Não dá pra desejar um feliz dia a quem é assediada e tratada como uma boneca inflável em ônibus e trens da vida, a quem é acusada de ter colaborado para ter ocorrido assédio, estupro ou mesmo um assovio indecente na rua por causa “do jeito que ela estava vestida”.
Não dá pra desejar um feliz dia a todas mortas brutalmente por maridos e companheiros, estupradas por pais, tios e primos, por colegas de trabalho ou chefes que ganham o dobro pra trabalhar a metade do que elas trabalham e, ainda, serem demitidas pelo “risco” de engravidarem e prejudicar a empresa.

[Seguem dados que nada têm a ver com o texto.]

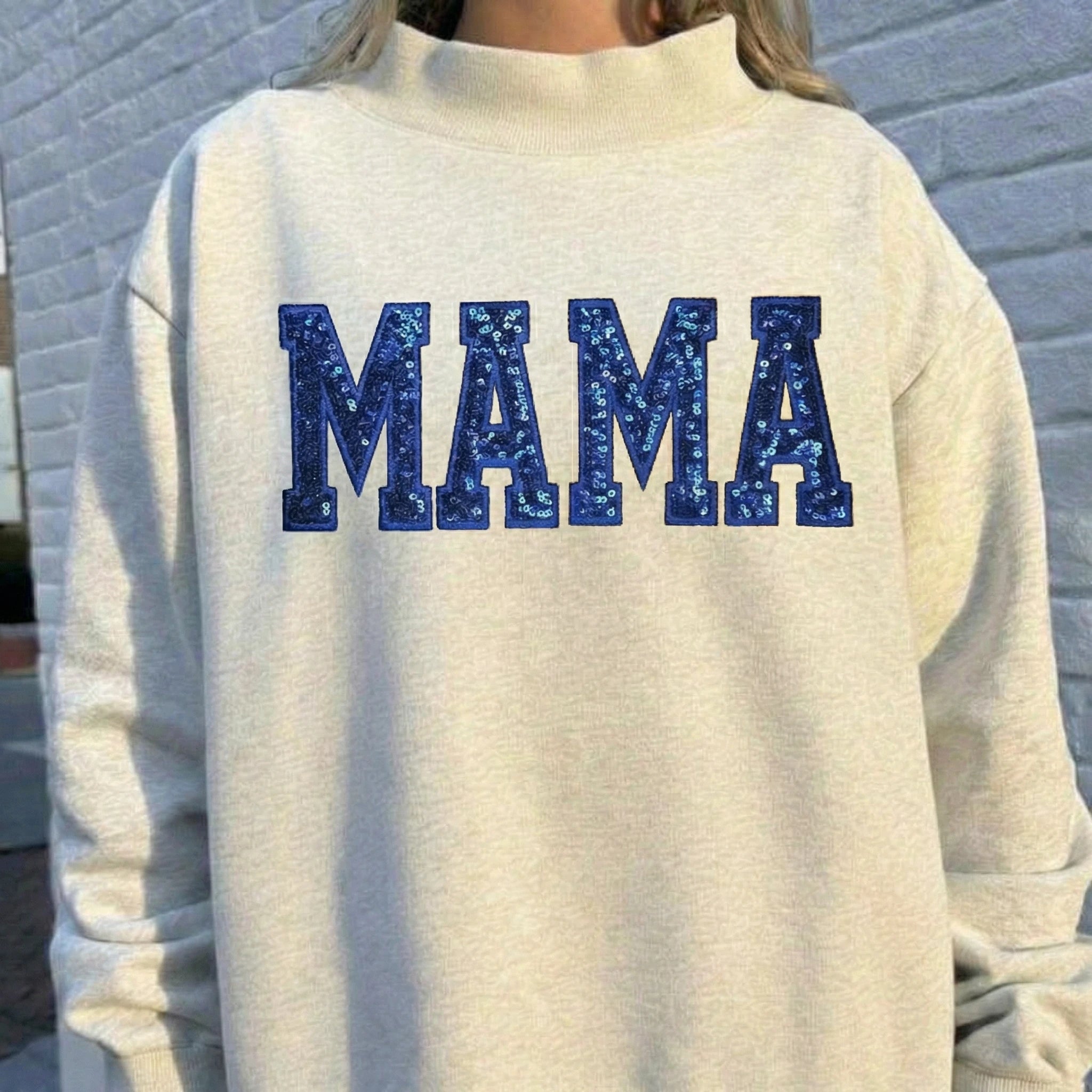  Personalized Glitter Letters Mother's Day Gifts Custom Sequin MAMA Mock Neck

Não dá pra desejar um dia feliz a quem não pode dispor do próprio corpo como bem entender por conta de leis escritas por homens brancos cidadãos de bem, a quem é tratada como histérica quando se revela enquanto o homem é elogiado pela energia e iniciativa, não dá pra desejar um feliz dia a quem é tratada por puta quando deseja enquanto o homem é encorajado e elogiado pelo tesão como macho alfa da matilha.
Por esses e outros motivos não desejo um feliz dia das mulheres mas um dia de pensar e refletir sobre o que nós, homens, podemos fazer para não matarmos tantos corpos e sonhos femininos, para sermos menos injustos, cruéis e desiguais. O dia é das mulheres, o questionamento deve ser de todos.
A mulher é uma construção – Angélica Freitas – um útero é do tamanho de um punho
Que a mulher seja menos conjunto habitacional e mais uma casa de tijolos à vista, dona de si e do mundo, como deveria ser.